## TASK
Up to and including the line containing "A building entrance", set down each line of the entries below exactly, starting from the first, and leave out the rest.

(Saved entries)
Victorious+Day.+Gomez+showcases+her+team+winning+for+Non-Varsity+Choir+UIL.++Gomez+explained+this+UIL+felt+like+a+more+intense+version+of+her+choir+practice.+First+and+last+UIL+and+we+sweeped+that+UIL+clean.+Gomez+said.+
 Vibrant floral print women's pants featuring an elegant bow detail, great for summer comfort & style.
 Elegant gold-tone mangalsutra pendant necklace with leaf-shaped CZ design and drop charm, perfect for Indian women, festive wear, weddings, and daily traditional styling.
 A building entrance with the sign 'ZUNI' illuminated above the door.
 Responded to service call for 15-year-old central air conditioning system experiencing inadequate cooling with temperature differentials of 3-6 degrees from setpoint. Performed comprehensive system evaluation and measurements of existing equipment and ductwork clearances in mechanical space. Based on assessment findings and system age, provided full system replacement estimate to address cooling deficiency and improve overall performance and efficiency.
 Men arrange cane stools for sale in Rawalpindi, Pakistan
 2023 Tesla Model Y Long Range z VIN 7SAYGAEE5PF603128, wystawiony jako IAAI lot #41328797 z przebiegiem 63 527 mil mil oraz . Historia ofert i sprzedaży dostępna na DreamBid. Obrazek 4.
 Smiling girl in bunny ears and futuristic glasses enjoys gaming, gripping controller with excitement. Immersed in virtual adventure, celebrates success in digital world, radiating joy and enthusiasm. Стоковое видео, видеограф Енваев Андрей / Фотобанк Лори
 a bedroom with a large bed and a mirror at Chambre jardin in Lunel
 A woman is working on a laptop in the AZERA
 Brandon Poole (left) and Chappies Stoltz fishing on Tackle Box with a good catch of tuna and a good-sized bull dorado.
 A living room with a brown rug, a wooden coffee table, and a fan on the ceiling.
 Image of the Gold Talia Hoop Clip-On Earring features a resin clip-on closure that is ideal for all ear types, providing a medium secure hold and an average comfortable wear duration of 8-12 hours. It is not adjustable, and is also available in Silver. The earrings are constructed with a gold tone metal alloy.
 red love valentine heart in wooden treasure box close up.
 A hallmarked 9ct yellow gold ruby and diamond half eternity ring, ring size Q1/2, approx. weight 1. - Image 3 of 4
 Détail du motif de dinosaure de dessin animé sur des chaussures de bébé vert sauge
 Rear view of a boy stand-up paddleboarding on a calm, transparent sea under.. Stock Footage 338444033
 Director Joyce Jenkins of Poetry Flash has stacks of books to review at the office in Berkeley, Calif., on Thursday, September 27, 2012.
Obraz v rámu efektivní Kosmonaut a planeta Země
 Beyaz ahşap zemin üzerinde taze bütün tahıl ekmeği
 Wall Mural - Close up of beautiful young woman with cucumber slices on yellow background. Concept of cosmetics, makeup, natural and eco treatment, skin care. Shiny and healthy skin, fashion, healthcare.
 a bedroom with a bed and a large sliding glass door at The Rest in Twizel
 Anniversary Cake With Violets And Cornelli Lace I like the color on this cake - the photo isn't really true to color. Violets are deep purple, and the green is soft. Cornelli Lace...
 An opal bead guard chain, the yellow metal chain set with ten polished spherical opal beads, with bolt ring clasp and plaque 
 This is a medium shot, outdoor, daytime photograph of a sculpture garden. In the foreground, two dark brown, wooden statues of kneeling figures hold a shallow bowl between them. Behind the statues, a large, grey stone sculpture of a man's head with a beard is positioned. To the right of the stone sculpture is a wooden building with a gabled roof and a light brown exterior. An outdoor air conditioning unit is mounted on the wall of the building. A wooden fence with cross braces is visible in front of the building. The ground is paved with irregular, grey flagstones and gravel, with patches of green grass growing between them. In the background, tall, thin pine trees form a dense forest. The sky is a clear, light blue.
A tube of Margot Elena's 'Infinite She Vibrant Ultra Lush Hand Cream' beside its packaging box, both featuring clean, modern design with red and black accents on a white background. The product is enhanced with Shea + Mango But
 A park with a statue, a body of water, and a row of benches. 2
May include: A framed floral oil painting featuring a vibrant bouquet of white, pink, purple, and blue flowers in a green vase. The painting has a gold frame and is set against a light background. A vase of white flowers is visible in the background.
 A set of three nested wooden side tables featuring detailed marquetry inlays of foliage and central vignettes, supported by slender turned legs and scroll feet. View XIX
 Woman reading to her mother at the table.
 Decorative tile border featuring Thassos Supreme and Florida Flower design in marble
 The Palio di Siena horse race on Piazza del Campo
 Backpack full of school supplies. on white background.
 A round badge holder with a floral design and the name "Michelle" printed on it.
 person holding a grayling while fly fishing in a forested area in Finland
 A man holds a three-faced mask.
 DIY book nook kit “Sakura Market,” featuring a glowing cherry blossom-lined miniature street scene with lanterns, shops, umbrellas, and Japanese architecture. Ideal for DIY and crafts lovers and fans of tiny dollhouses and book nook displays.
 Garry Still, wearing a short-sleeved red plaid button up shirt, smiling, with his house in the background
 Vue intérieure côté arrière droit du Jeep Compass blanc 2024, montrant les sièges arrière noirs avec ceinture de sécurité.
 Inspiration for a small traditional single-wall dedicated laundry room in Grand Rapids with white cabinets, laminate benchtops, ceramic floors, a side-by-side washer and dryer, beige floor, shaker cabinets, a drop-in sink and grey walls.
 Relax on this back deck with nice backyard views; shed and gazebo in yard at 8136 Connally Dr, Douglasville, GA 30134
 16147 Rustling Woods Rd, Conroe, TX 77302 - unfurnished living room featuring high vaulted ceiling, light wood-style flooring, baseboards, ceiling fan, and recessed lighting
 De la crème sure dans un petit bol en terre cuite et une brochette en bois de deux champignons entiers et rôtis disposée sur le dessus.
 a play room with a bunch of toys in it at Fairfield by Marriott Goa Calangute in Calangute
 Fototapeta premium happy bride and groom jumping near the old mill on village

## OUTPUT
Victorious+Day.+Gomez+showcases+her+team+winning+for+Non-Varsity+Choir+UIL.++Gomez+explained+this+UIL+felt+like+a+more+intense+version+of+her+choir+practice.+First+and+last+UIL+and+we+sweeped+that+UIL+clean.+Gomez+said.+
 Vibrant floral print women's pants featuring an elegant bow detail, great for summer comfort & style.
 Elegant gold-tone mangalsutra pendant necklace with leaf-shaped CZ design and drop charm, perfect for Indian women, festive wear, weddings, and daily traditional styling.
 A building entrance with the sign 'ZUNI' illuminated above the door.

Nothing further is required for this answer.